> _What you have to do_: In the listing below, the lines starting with the line with "Tissu de revêtement jacquard Jagger-Franklin" and going on through the line with "Volkswagen Polo V" are to be reproduced exactly, and only those.

> _Entries provided_:
--- START ---

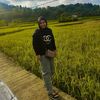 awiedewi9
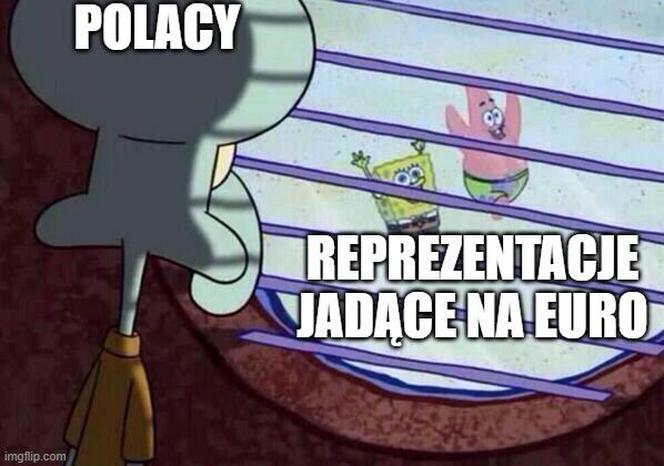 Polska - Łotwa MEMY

--- END ---
--- START ---

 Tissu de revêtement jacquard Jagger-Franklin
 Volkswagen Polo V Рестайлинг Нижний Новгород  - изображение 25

--- END ---
--- START ---

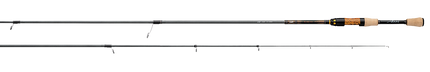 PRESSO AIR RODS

--- END ---

> _Task response_:
 Tissu de revêtement jacquard Jagger-Franklin
 Volkswagen Polo V Рестайлинг Нижний Новгород  - изображение 25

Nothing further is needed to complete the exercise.